### Available data
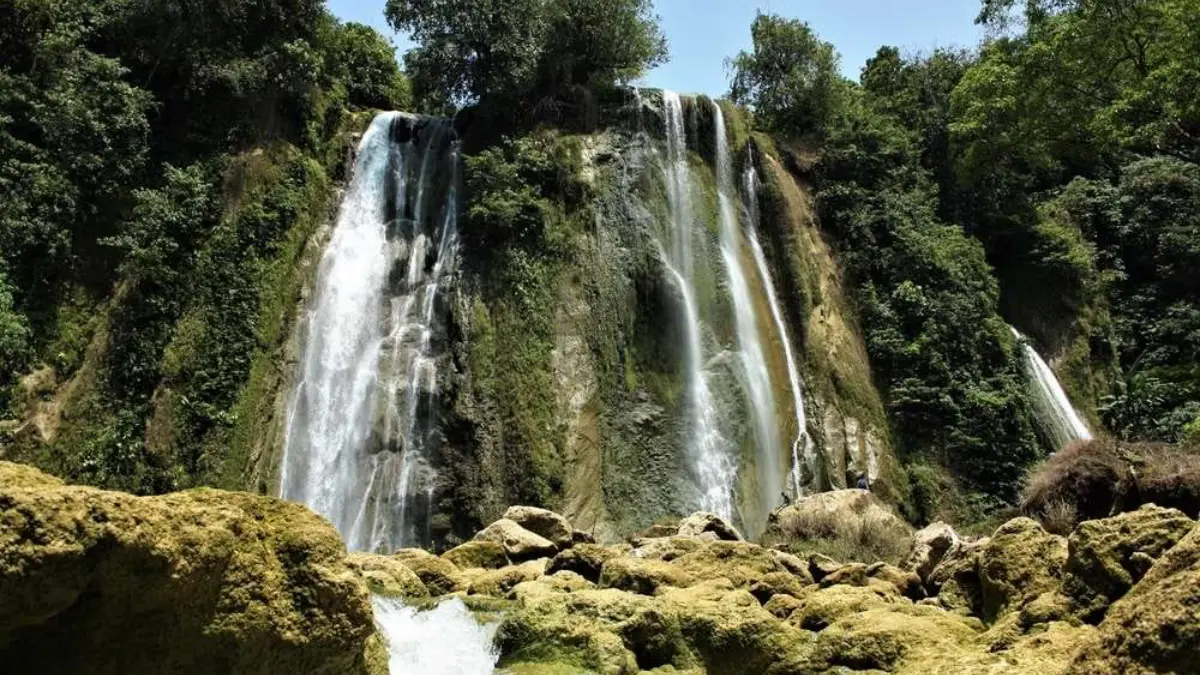 3 rekomendasi curug di Jawa Barat yang wajib masuk list para pecinta wisata alam. Foto: Traveloka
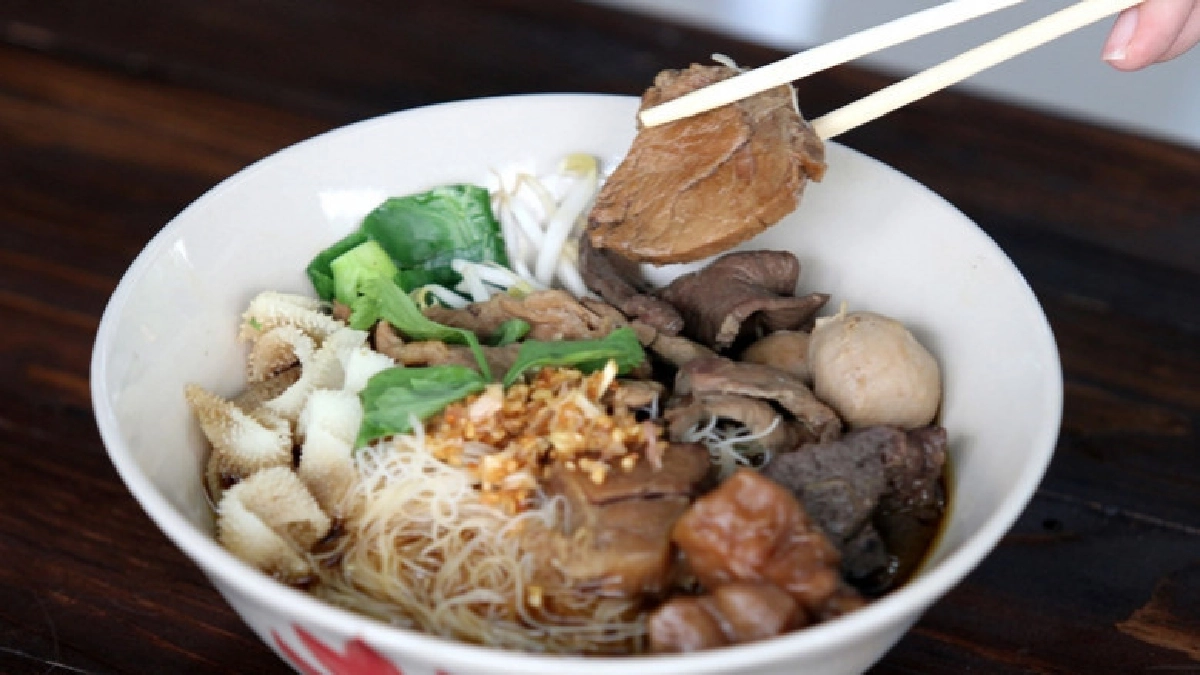 ก๋วยเตี๋ยว "ตั่วเฮีย" เด็ดดวงด้วย "ซอสต๊อด"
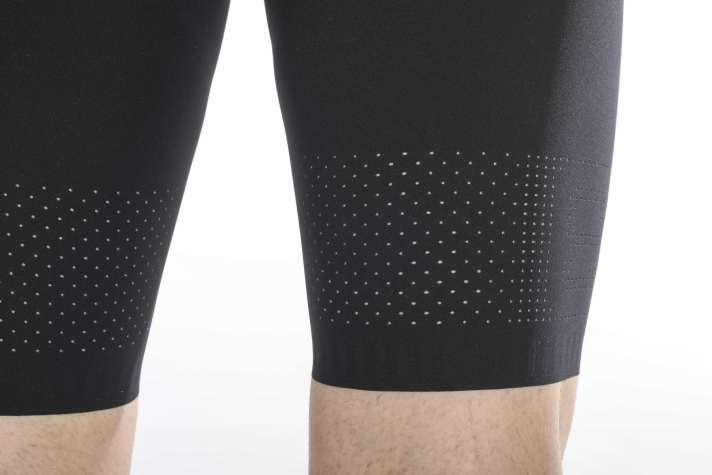 An den Beinabschlüssen der SQlab SQ-Shorts One12 R sorgen Lasercuts für Kühlung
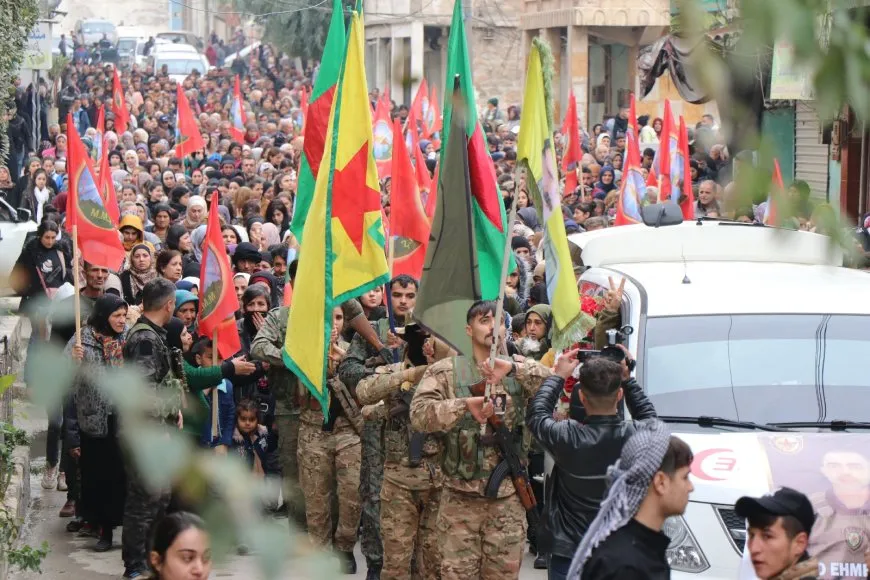 Şehîd Ehmed Efrîn hat oxirkirin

### What you will do
Once the pictures are set aside, what is needed is the lines from the line with "An den Beinabschlüssen" through the end of the data, written out exactly and alone.

### Solution to this problem
 An den Beinabschlüssen der SQlab SQ-Shorts One12 R sorgen Lasercuts für Kühlung
 Şehîd Ehmed Efrîn hat oxirkirin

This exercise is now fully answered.